Latency vs load tradeoff is unwinnable. Poll every 3s and messages are up to 3s late (chat feels broken). Poll every 200ms for snappiness and you have 500M clients each firing 5 requests/sec = 2.5B requests/sec of mostly-empty polls. You are paying full HTTP request cost (connection setup, headers, auth) to learn “nothing happened” 99% of the time.
No server push. The fundamental mismatch: the server knows the instant a message exists but cannot tell anyone until they next ask.

First evolution: long polling. The client opens a request and the server holds it open until a message arrives or a timeout hits, then responds and the client immediately re-opens. This removes empty polls and gives near-instant delivery. It is a real, workable answer and worth stating as the stepping stone. But: every held request still ties up a server thread/connection, reconnection churn is high, and it is one-directional (server->client); the client still needs separate requests to send. For a system where messages flow constantly in both directions, you want a true bidirectional channel.

The answer: WebSockets. One TCP connection, upgraded from HTTP once (Upgrade: websocket), then kept open for the life of the session. Both sides can send frames at any time with almost no per-message overhead (a few bytes of framing, no headers, no re-auth). This is the natural shape for chat: full-duplex, low-latency, server-initiated push built in.

Client                          Connection Server
  │  HTTP GET Upgrade: websocket  │
  │ ─────────────────────────────▶│
  │  101 Switching Protocols      │
  │ ◀─────────────────────────────│
  │  ===== persistent WSS ======= │
  │  SEND frame ─────────────────▶│
  │ ◀──────────── ACK(sent) frame │
  │ ◀──────────── PUSH(msg) frame │   (server-initiated, no request needed)
  │  RECEIPT(delivered) ─────────▶│

Now the hard part: where does a message-for-B actually go? B’s socket lives on exactly one of 1,000 connection servers, and the Message Service has no idea which. This is the session registry problem.

Naive: broadcast. When a message for B arrives, ask all 1,000 connection servers “do you have B?” That is a 1,000-way fan-out per message at 3.5M messages/sec. It melts instantly.
The fix: a session registry. When B’s WebSocket connects, the connection server writes B/device -> server_734 into a fast shared store (Redis). When a message for B arrives, the Message Service does a single GET B to find server #734, then pushes directly there. O(1) lookup, one hop.

On connect:   registry.set("sess:{user}:{device}", conn_server_id, TTL=heartbeat*3)
On message:   server = registry.get("sess:{recipient}:{device}")
              if server: push_to(server, message)     # online
              else:      enqueue_outbox(recipient, message)  # offline
On disconnect: registry.del(...)  (or let TTL expire if the server crashed)

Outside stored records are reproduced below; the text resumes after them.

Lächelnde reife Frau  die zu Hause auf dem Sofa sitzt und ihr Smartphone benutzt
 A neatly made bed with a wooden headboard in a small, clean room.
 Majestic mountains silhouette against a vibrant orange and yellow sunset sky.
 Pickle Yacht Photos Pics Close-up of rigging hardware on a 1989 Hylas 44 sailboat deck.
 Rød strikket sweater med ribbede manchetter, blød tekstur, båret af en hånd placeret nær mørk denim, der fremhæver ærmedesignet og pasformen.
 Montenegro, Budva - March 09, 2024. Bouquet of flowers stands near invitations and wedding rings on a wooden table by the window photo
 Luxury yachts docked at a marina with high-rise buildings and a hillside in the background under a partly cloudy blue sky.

The connection server-to-connection server push (Message Service -> server #734) goes over an internal RPC mesh or a lightweight internal message bus, not the public internet. The registry entry carries a TTL refreshed by heartbeats so that if a connection server crashes, its stale entries expire and the client’s reconnect (to a different server) re-registers cleanly. The load balancer at L4 is connection-sticky but does not need application stickiness, because the registry, not the LB, is the source of truth for “where is B.”

2. Guaranteed delivery and the tick state machine

Naive approach: fire and forget. Message Service receives the message and pushes it down B’s socket. Done.

Where it breaks:

TCP delivered != application received. The OS may have buffered the bytes, then B’s phone dies, or the app is killed, or the socket silently half-opens. The message is gone and nobody knows. “Delivered” at the TCP layer is not “delivered” to the user.
No durability before ack. If you ack the sender before persisting and the Message Service crashes, the message vanishes but A thinks it sent. Unacceptable - “no message is ever lost” is a hard NFR.
Ordering. Two messages from A to B over slightly different paths can arrive out of order; the chat looks scrambled.

The fix is a persist-then-ack pipeline with application-level acknowledgments at every hop, plus per-conversation sequencing.

Durability first. The Message Service persists the message to the Message Store before acking the sender. Only after the write is durable does A get the sent tick. If the service crashes mid-flight, A never got the ack, A’s client retries with the same client_msg_id, and the server dedups. At-least-once delivery + dedup by ID = effectively exactly-once at the client.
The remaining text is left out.